Capital gains tax rates in British Columbia
When a capital gain is included in your income, it is taxed at your combined federal and BC marginal tax rate. The table below shows the 2025 combined rates for British Columbia:
| 2025 Taxable Income | Combined Marginal Tax Rate |
|---|---|
| First $49,279 | 20.06% |
| Over $49,279 up to $57,375 | 22.70% |
| Over $57,375 up to $98,560 | 28.20% |
| Over $98,560 up to $113,158 | 31.00% |
| Over $113,158 up to $114,750 | 32.79% |
| Over $114,750 up to $137,407 | 38.29% |
| Over $137,407 up to $177,882 | 40.70% |
| Over $177,882 up to $186,306 | 44.02% |
| Over $186,306 up to $253,414 | 46.12% |
| Over $253,414 up to $259,829 | 49.80% |
| Over $259,829 | 53.50% |
For a detailed look at how these rates apply to your employment income, see the BC tax brackets guide.
New capital gains tax rules in Canada
The 2024 federal budget introduced significant changes to capital gains taxation in Canada.
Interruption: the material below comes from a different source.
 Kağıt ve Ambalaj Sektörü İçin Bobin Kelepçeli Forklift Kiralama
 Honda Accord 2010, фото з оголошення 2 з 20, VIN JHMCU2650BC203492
Here is the current status:
What changed on June 25, 2024
- The capital gains inclusion rate increased from 50% to 66.7% on gains above $250,000 for individuals in a single year
- For capital gains under $250,000, the inclusion rate remains at 50% for individuals
- For corporations and trusts, the inclusion rate increased to 66.7% on all capital gains
Deferral to January 1, 2026
The increased inclusion rate was originally announced for June 25, 2024 but has since been deferred to January 1, 2026. This means that for the 2025 tax year, the inclusion rate for individuals remains at 50% on all capital gains regardless of the amount. The new two-tier system will apply starting in the 2026 tax year.
Capital gains inclusion rates
| Category | Up to $250,000 | Over $250,000 |
|---|---|---|
| Individuals (2025) | 50% | 50% |
| Individuals (2026+) | 50% | 66.7% |
| Corporations & trusts (2026+) | 66.7% | 66.7% |
This deferral gives BC residents additional time to plan for the impact of the higher inclusion rate. If you are considering selling property or investments with large capital gains, the timing of the sale relative to January 1, 2026 could significantly affect your tax bill.
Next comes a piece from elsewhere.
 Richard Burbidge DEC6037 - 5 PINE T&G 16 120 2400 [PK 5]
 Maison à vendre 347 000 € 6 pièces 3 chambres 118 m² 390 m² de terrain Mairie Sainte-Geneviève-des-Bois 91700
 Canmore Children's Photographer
British Columbia capital gains tax on property
In British Columbia, capital gains tax applies to the sale of property that is not your principal residence. This includes:
- Rental properties — The full capital gain (sale price minus adjusted cost base minus expenses) is taxable
- Vacation homes and cottages — Capital gains apply even if you use the property personally
- Land held for investment — Including undeveloped lots
- Commercial and industrial property — Full capital gains apply
The tax is calculated by including the gain in your income (at the applicable inclusion rate) and applying your combined BC and federal marginal tax rate. On a $200,000 capital gain in 2025, with a 50% inclusion rate, $100,000 would be added to your income and taxed at your marginal rate.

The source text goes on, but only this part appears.